It took a while, but the Bruins' best players needed the time to get their legs underneath them, but once they did, they had one of the more dominant top lines in the game, as Brad Marchand, Patrice Bergeron and David Pastrnak took the game by storm and they imposed their will on most nights. It was too bad, for their sake, that the Lightning had an answer for them or else they could be the ones in the Stanley Cup Finals these days, they were looking that good.
Things were looking quite questionable for the Bruins heading into the summer last year, as there were a number of question marks about the team that needed answering. When it came down to it though, their best players were their best players and they didn't look out of place in the overall standings.
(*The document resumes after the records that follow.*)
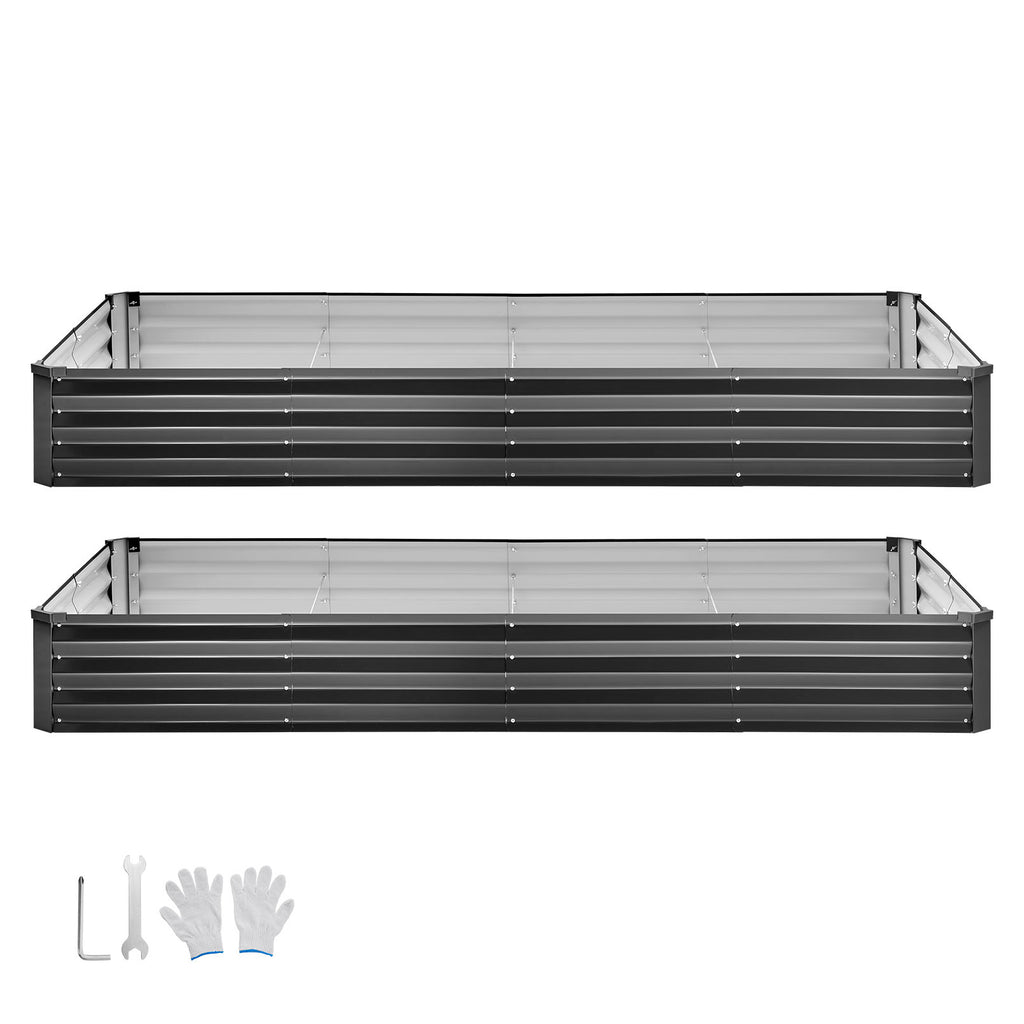 2 Pack Galvanized Raised Garden Beds, 8 x 4 x 1 ft, Rectangular Metal Planter Boxes Kit Outdoor, Bottomless Elevated Planting Box with Gloves, Alu-Zinc, for Growing Flowers Vegetables, Dark Gray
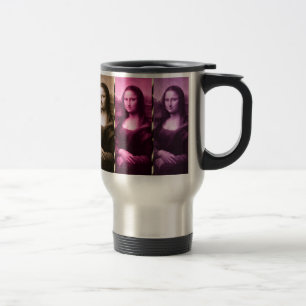 Caneca Térmica Mona Lisa Animal Imprime Chocolate Rosa Puro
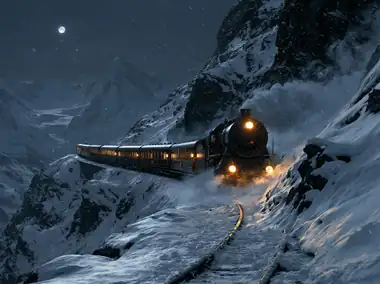 A steam train crossing a snowy pass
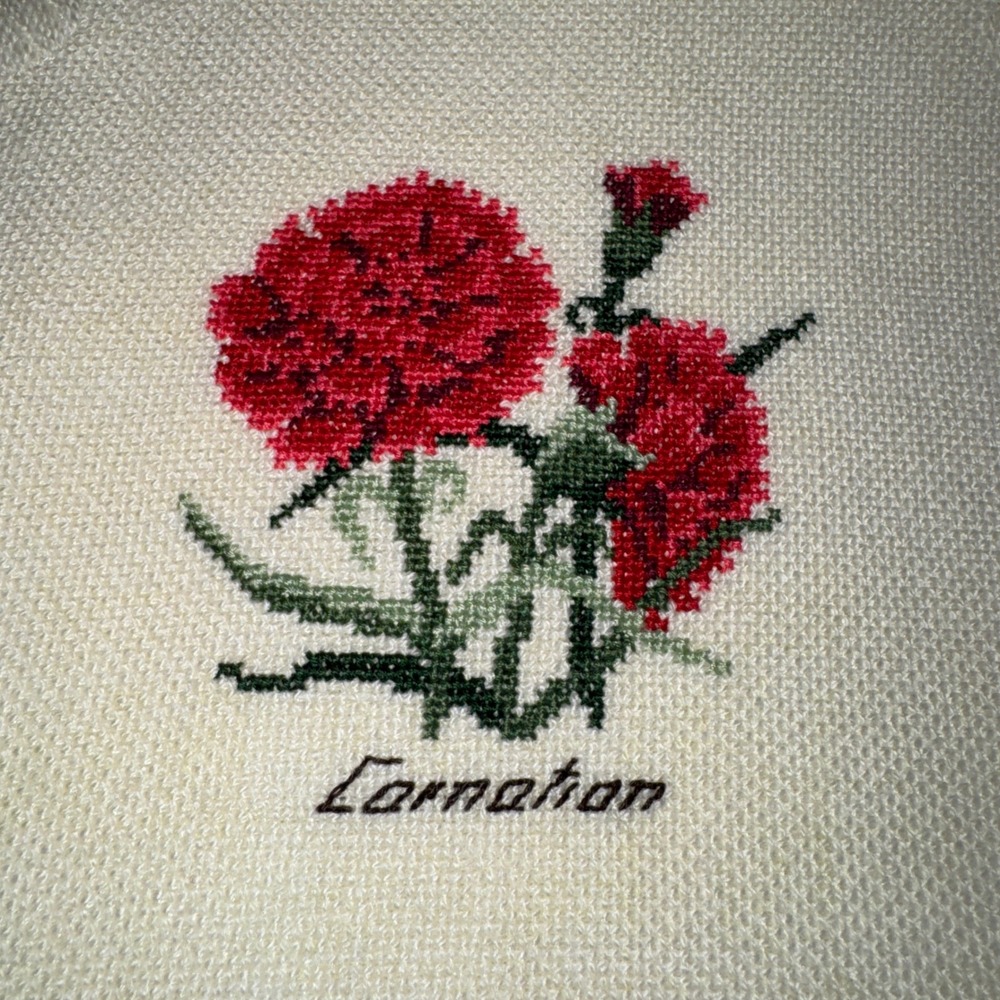 Vintage Botanical Floral CrossStitch Woven Throw Blanket Cream Cottagecore - Picture 12 of 14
The trials and tribulations of Brad Marchand in the 2018 season were very well documented. Injuries in November and another lengthy suspension in January limited his season to only 68 games for the Bruins, but he was a dominant offensive force, finishing with 34 goals and 85 points, finishing with one of the best scoring rates in the league and 18th overall in pool scoring. His antics may have continued into the playoffs, but so did his scoring, but again, it was the Lightning, capable of shutting him and his line down, made for their eventual downfall. Marchand has been excellent in the last couple seasons, but he does come with a warning label, take at your own risk.
The Bruins were very active in the scoring department, finishing with 14 players in the hockey pool conversation. Pastrnak and Bergeron were not very far behind Marchand up front, while Danton Heinen, David Krejci, Jake DeBrusk, Riley Nash, Rick Nash and David Backes were all among the pool worthy forwards. On defense, Torey Krug, Charlie McAvoy and Zdeno Chara led the charge, while both goalies, Tuukka Rask and Anton Khudobin were among the top 50 at their position. The Bruins offered up some good depth in the year and it is a promising sign moving forward into the 2019 season.
What I Said Last Year, At This Time...
The Bruins were a tough team to read heading into last season and not a lot has changed. The influx of youth has been a big positive for the Bruins, both on the ice with their performances and off the ice with their cap hits. The Bruins are retooling more than they are rebuilding, which could work in their favour, but there have been a number of teams that have tried it and it's a slow burn out of the playoff picture, year after year. If Bruins management can identify some pieces that could move and find some more compatible pieces to play with the current roster, they have a much better chance at making the playoffs again. No guarantees on that, however, as teams may not be keen to trade for some of Boston's cast offs. If none of that happens, then it will be put on the shoulders of Rask and Marchand again and that's a tall task, two seasons in a row.
The Bruins were able to do more from within their organization, like adding young players like Heinen and DeBrusk to their everyday roster and having them excel in their roles and then the Bruins went out and spent a ton on Rick Nash at the deadline, which didn't necessarily help them much, since the power forward spent the better part of the stretch run on the injured list and really couldn't shake off the rust for the opening round of the playoffs. Still, the best players carried the team, Marchand got some more help from Pastrnak and the Bruins looked great. It was a tall task in the Atlantic Division, but the Bruins were up to it, much to their own credit.
How did my intriguing or breakout player fare?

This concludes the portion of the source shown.